On Thursday 08 May 2014 17:13:15 Antonio Quartulli wrote:
From: Antonio Quartulli antonio@open-mesh.com
When a VLAN interface (on top of batX) is removed and re-added within a short timeframe TT does not have enough time to properly cleanup. This creates an internal TT state mismatch as the newly created softif_vlan will be initialized from scratch with a TT client count of zero (even if TT entries for this VLAN still exist). The resulting TT messages are bogus due to the counter / tt client listing mismatch, thus creating inconsistencies on every node in the network
To fix this issue destroy_vlan() has to not free the VLAN object immediately but it has to be kept alive until all the TT entries for this VLAN have been removed. destroy_vlan() still removes the sysfs folder so that the user has the feeling that everything went fine.

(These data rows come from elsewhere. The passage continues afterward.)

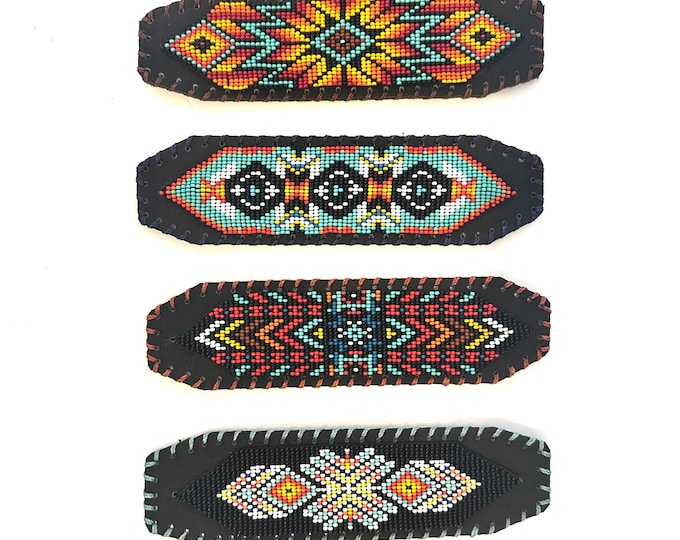 Unisex Leather Beaded Wide Cuff Bracelet / Bead Work Design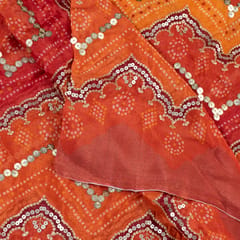 Orange Color Chinon Chiffon Embroidery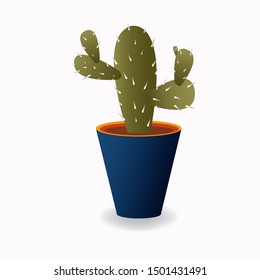 Cactus in a blue pot on a white background. Plants to decorate the office, at home. drawn in flat style. in a blue pot. Plants to decorate the office, at home. Drawn in flat style.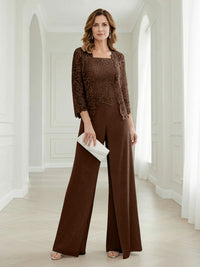 Pantsuits Lace Applique 3/4 Sleeve Mother of the Bride & Groom Dresses 3 Piece with Jackets Wedding Dress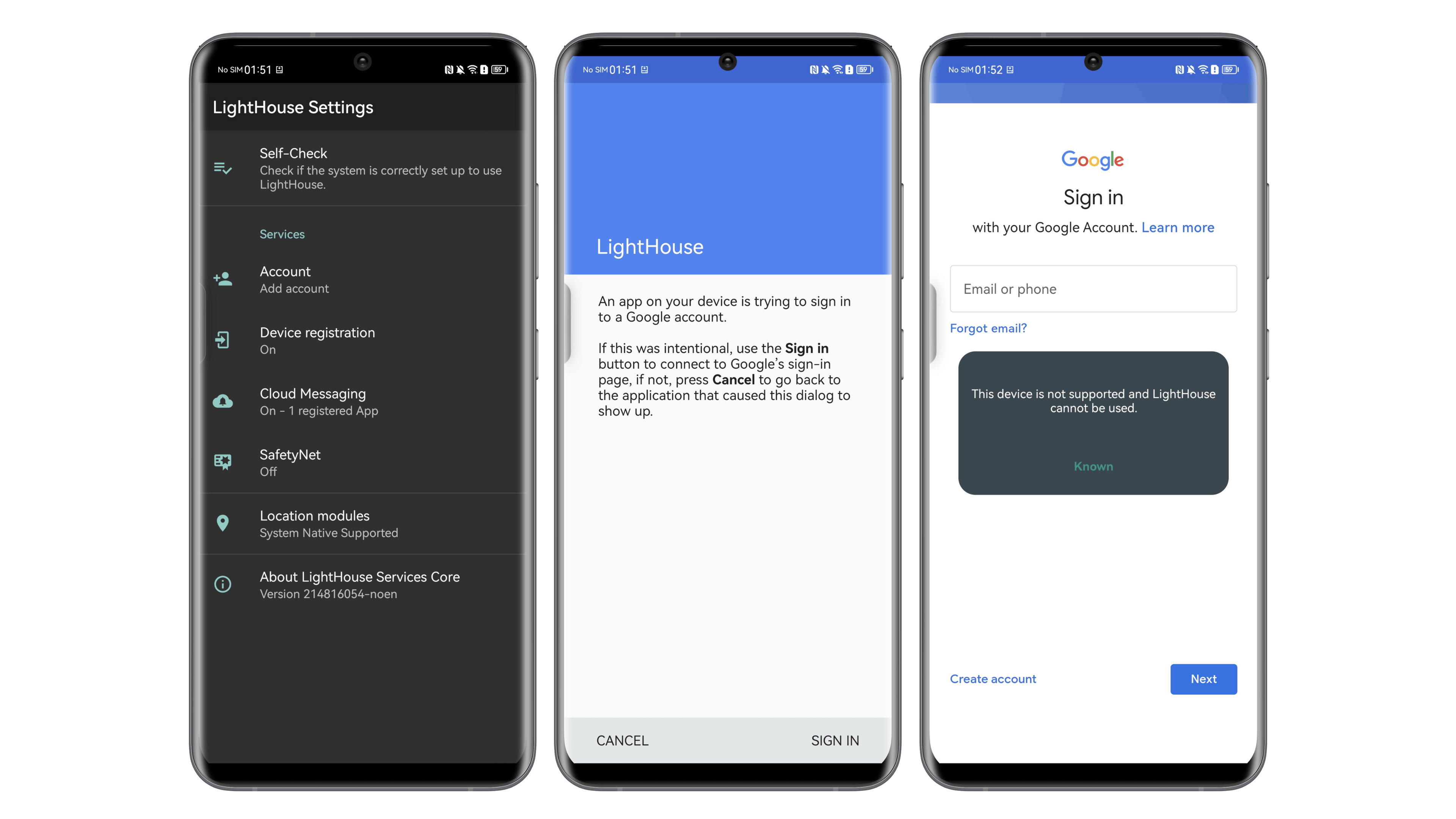 Screenshots der Lighthouse-App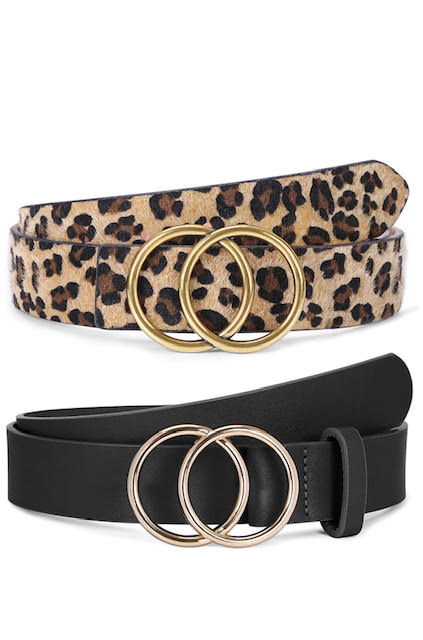 Gold Double O-Ring Buckle Faux Leather Belt – Kela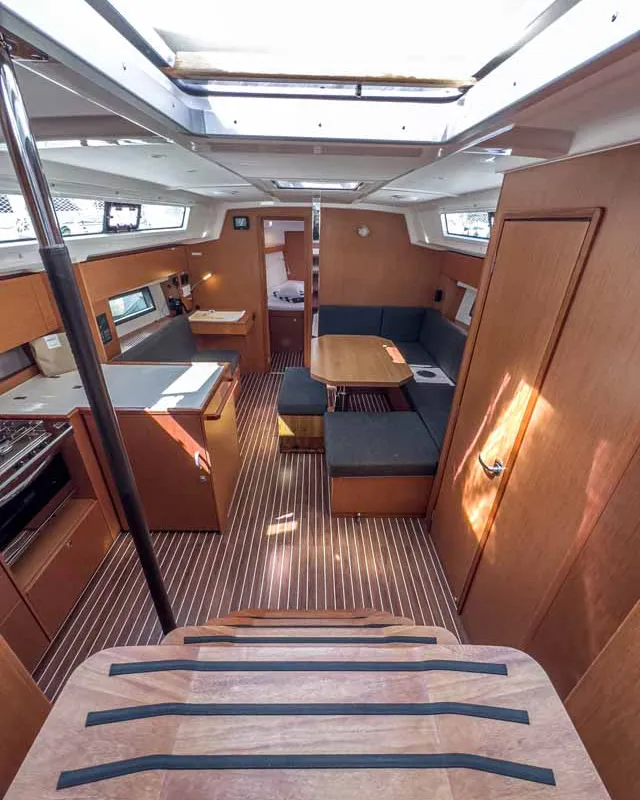 Salon of Fräulein Nora, a Bavaria C42 sailboat at Grad Pula, Croatia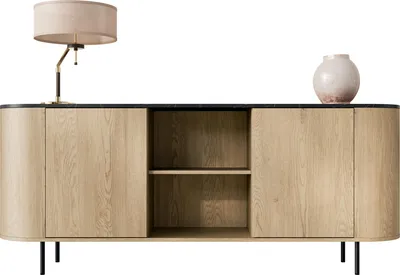 Produktbild von MIRJAN24 Türkommode Lygrint 180 2D, Stilvoll Wohnzimmer, Kommode mit zwei Drehtüren (Farbe: Eiche Cremona / Marmor Schwarz + Schwarz)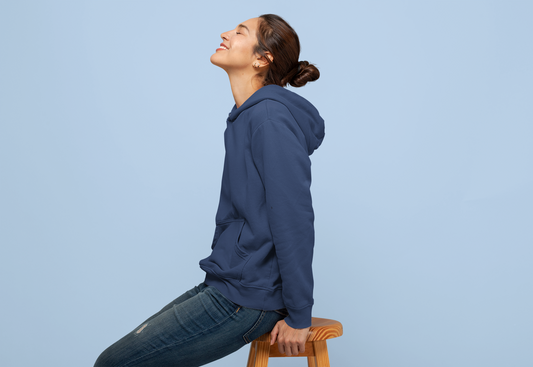 Women's Hooded Sweatshirt in Solid Navy Blue CAPTCHA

If the same VLAN is re-added before the old object is free'd, then the latter is resurrected and re-used.
Implement such behaviour by increasing the reference counter of a softif_vlan object every time a new local TT entry for such VLAN is created and remove the object from the list only when all the TT entries have been destroyed.
Signed-off-by: Antonio Quartulli antonio@open-mesh.com
Changes since v4:
- improved code in add_vid()
- don't leak TT entries in case of vlan re-add failure
Changes since v3:
- always re-add NO_PURGE local entry on add_vid()
Changes since v2:
- remove cleanup_work member that is not needed anymore in this approach
- reword commit subject
- reword commit message (Thanks Marek!)
Changes since v1:
- destroy and create vlan sysfs folder within softif_vlan_destroy/create()
to avoid lock troubles with soft-interface destruction and delayed jobs.
soft-interface.c | 60 ++++++++++++++++++++++++++++++++++++++++------------- translation-table.c | 26 +++++++++++++++++++++++ types.h | 2 ++ 3 files changed, 74 insertions(+), 14 deletions(-)
Applied in revision 9729d20.
Thanks, Marek